Jackson requested £183 in total for serving as guardian of Martha’s three daughters, all of whom apparently went to other situations when they reached the age of seven. Sadly, the oldest daughter, Martha, died while in his care. James petitioned the estate for a refund of the money he spent on “mourning weeds [clothes] for guardian [i.e., himself]” and 10 pairs of gloves, which were traditionally given out during funeral processions.[5]
In 1741 Jacob Whipple of Grafton became guardian of Silence. She was now 14 years old (and he was an eminently respectable son of a deacon in that town).[6] The change of guardians occurred, you can learn by reading the probate record very carefully, because Martha, Silence’s mother, had died. This is probably when Silence removed to the newly created town of Grafton (incorporated in 1735), formerly known as Hassanamesit. In 1727, the year of Silence’s birth, 40 Englishmen had struck a deal with 7 Nipmuck Indians, the white men paying what seems a reasonable price for once of £2,500 for 7,500 acres.[7] (The tiny band of Nipmucks were so-called “praying Indians,” meaning they had been converted to Christianity, in their case by the proselytizer John Eliot) and therefore were treated with greater largesse than other natives.)
It was in Grafton that Silence became acquainted with Thomas Stow Jr., son of Thomas and Anna Stow, who was a year younger than she was. He was the son of Thomas Stow, Sr., a man with a tract of land in Grafton appraised at £1,656 in 1746 (with a widow and six sons to share the estate, although in this case his oldest son, Thomas, would receive the largest share, £879).[8] Her marriage to the young Thomas in 1748 was a good match for Silence, although sadly it would not survive for long… only long enough for one baby daughter to be born, in late 1749.
(To be continued as Set in Stone, Part Two)

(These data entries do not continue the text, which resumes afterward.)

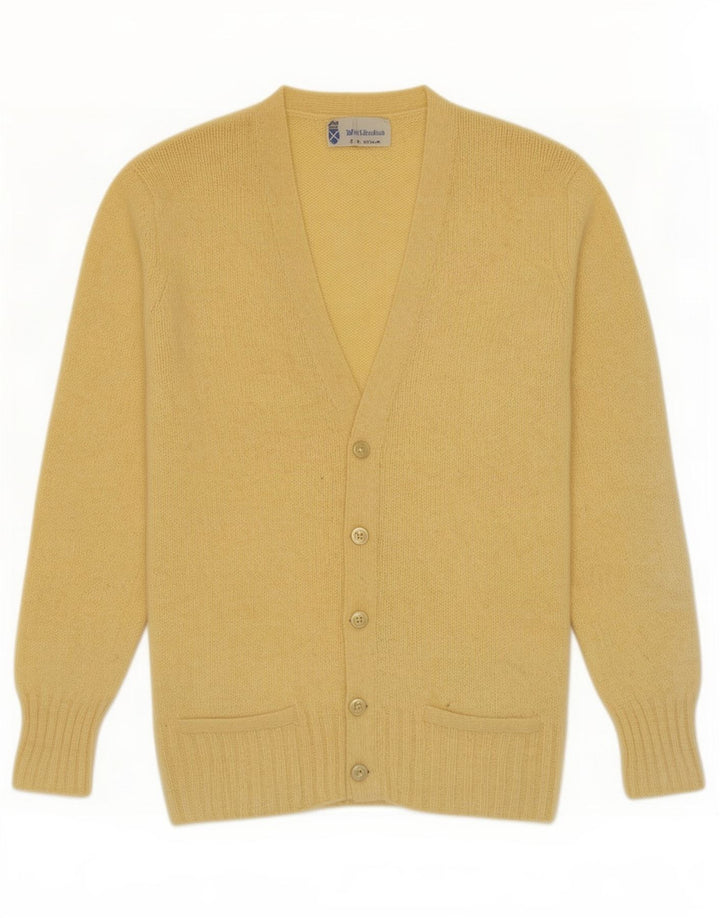 Maglione cardigan vintage da uomo piccolo in lana vergine gialla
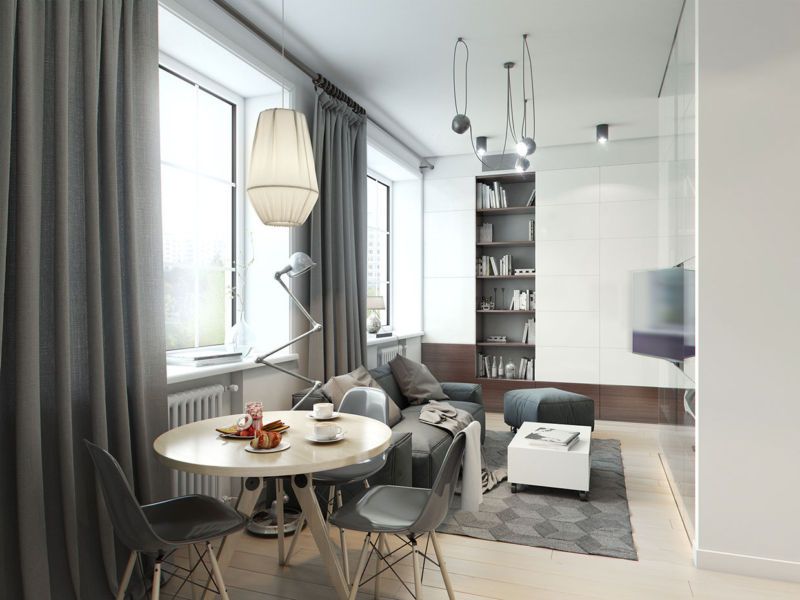 White and gray minimalistic ambience of the light and spacious room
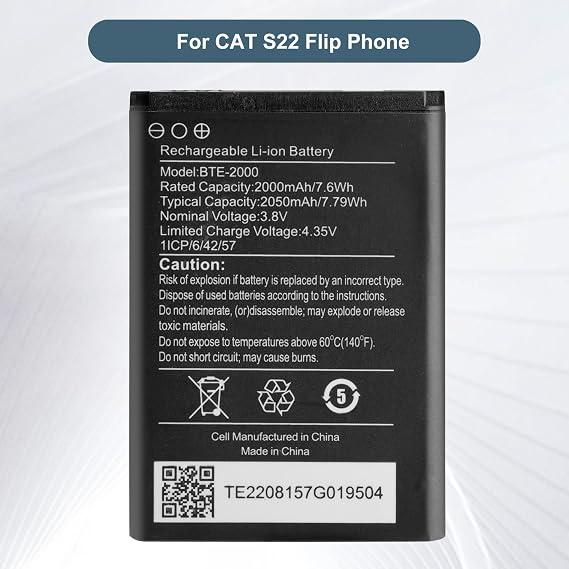 Replacement Battery BTE-2000 Compatible with CAT S22 Flip Phone with Tools
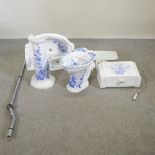 A Staffordshire style blue printed toilet set,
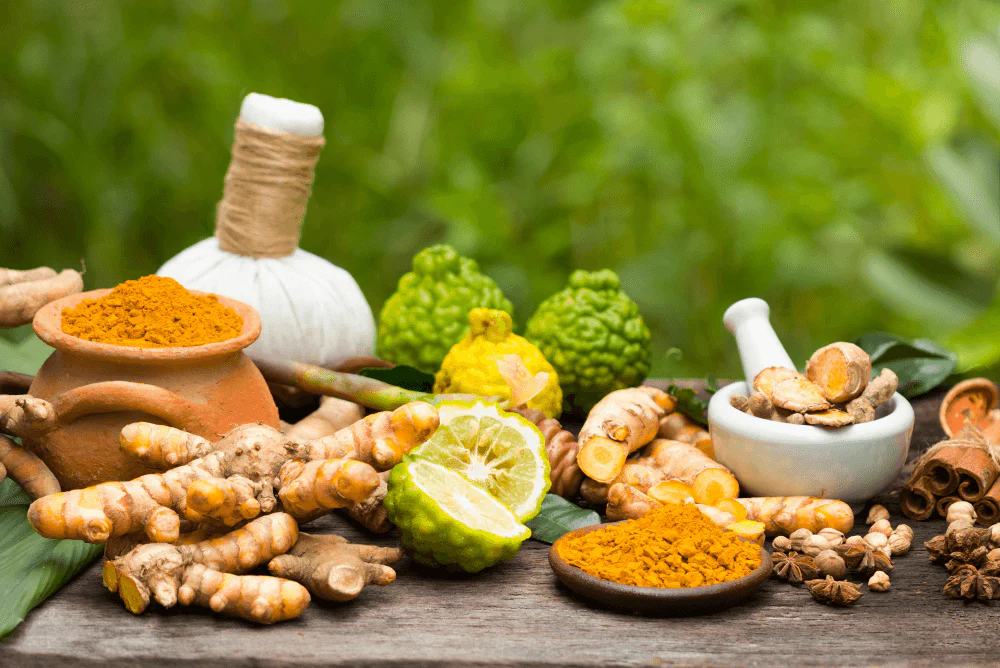 Ayurvedic herbs, powders and a mortar and pestle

[1] Silence was Mattie Quimby’s great, great, great, great grandmother. Silence’s daughter Sarah E. Chase married Abel Johnson; their daughter Martha married Daniel Cole; their daughter Sarah Cole married Earle Westgate; their son William Westgate married Charlotte Bryant; their daughter Martha (Grammy Great) married Elwin Quimby and so on.
[2] Child, William Henry, History of the town of Cornish New Hampshire, with genealogical records, 1763-1910, Volume II, (1911), p. 60.
[3] There was another Silence Stow born posthumously, to Mary (Wesson) and John Stow of Concord, Massachusetts in 1724. For a while I went on a wild goose chase tracking her down, until I realized that the Silence Stow of Grafton, born in 1727, was a better match. It took me a while to figure out that the maiden name of “our” Silence Stow was Hunt, not Stow and that she had a brief first marriage before marrying Samuel Chase 5. Full disclosure: when I checked Silence Chase’s bio on Find-a-Grave, the author called her Silence Hunt, which did not match William H. Child’s record. That was the hint I needed to eventually find her father Thomas Hunt of Sudbury. One of the difficulties of her case was the fact that the large families of Concord in Massachusetts Bay started migrating in droves once the French and Indian War ended, westward to Sutton and Grafton. The records of Concord/, Sudbury, and Sutton/Grafton are in two different counties, Middlesex and Worcester; the Stows’ land straddled Sutton and Grafton.
[4] MA VR, Sudbury. “Martha [Hunt] married James Jakson 4 Dec 1730.”
[5] Middlesex County Probate Files, Case 12297, available on American Ancestors (NEHGS).
[6]Ibid.
[7] My knowledge of Grafton’s history comes from Frederick Clifton Pierce’s book History of Grafton, Worcester County… (1879).
[8] Worcester County Probate Files, Case 57111, available on American Ancestors (NEHGS).